Ces mesures s’inscrivent dans le prolongement d’un vaste plan d’austérité qui prévoit également de réformer les conditions de travail des Équatoriens. Les travailleurs du secteur public verront ainsi leurs congés payés réduits de moitié, de 30 à 15 jours par an. Par ailleurs, les nouveaux contrats par intérim connaîtront une baisse de rémunération de 20 %.
Il s’agit d’un ‘paquetazo’, un paquet de réductions budgétaires que les Équatoriens redoutent depuis que le gouvernement a signé, en mars 2019, un accord avec le Fonds monétaire international (FMI), pour un prêt de 4,2 milliards de dollars.

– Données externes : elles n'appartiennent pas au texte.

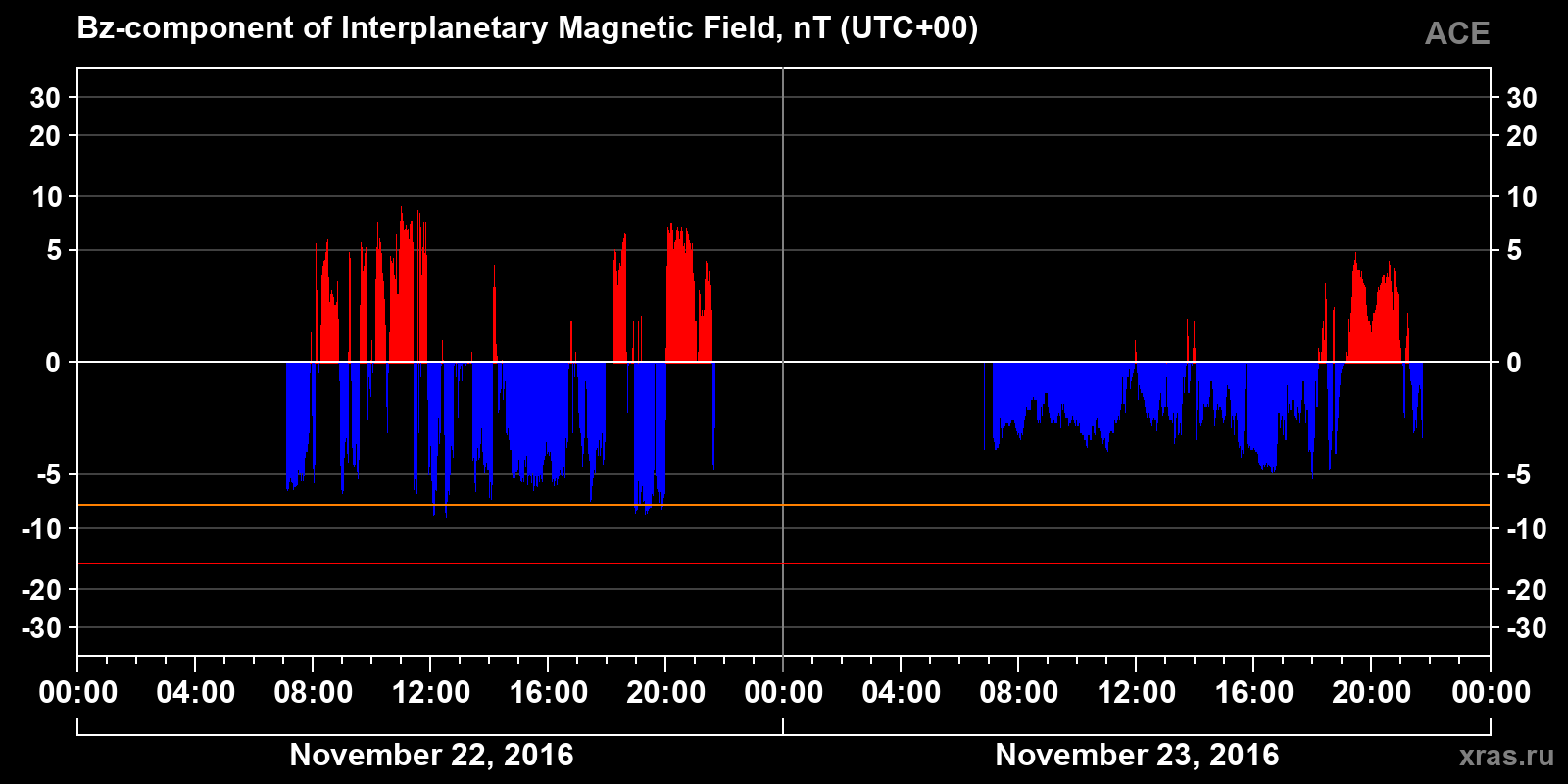 Component Bz of the interplanetary magnetic field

L’Équateur, le plus petit membre de l’Opep, qui s’apprête à quitter l’organisation, traverse une crise économique et fiscale. Sa croissance s’est ralentie (+0,2 % en 2019) et le gouvernement s’est vu dans l’obligation d’émettre plusieurs titres souverains de plus de 10 milliards de dollars, portant sa dette extérieure à 36 % de son PIB, selon la Banque centrale équatorienne.
Lenin Moreno sur la sellette ?
Les manifestations qui secouent le pays sont à ce jour le plus grand défi du président équatorien, qui a déclaré qu’il ne reviendrait sur ces décisions budgétaires "sous aucune circonstance".
Arrivé au pouvoir en 2017, en tant que dauphin du populaire Rafael Correa, pour ensuite se retourner contre lui, Lenin Moreno a accusé son prédécesseur de lui avoir légué un déficit public de plus de 4 milliards de dollars. Mais se pose désormais la question de son maintien à la tête d’un pays où les mouvements sociaux ont renversé trois présidents entre 1997 et 2005.
Après Abdala Bucaram en 1997 et Jamil Mahuad en 2000, Lucio Gutierrez avait été destitué le 20 avril 2005 dans la foulée d’une forte mobilisation nationale contre l’augmentation du prix du carburant.
Dans ce mouvement de contestation, une partie de la rue réclame le départ de Lenin Moreno, mais ses principaux détracteurs sont dans le camp de l’influent Rafael Correa, au sein du parti Revolucion Ciudadana, crée par les soutiens loyaux de l’ex-président. Les députés "correistes" ont ainsi demandé à l’Assemblée nationale d'envisager une destitution du président et la tenue d’élections anticipées.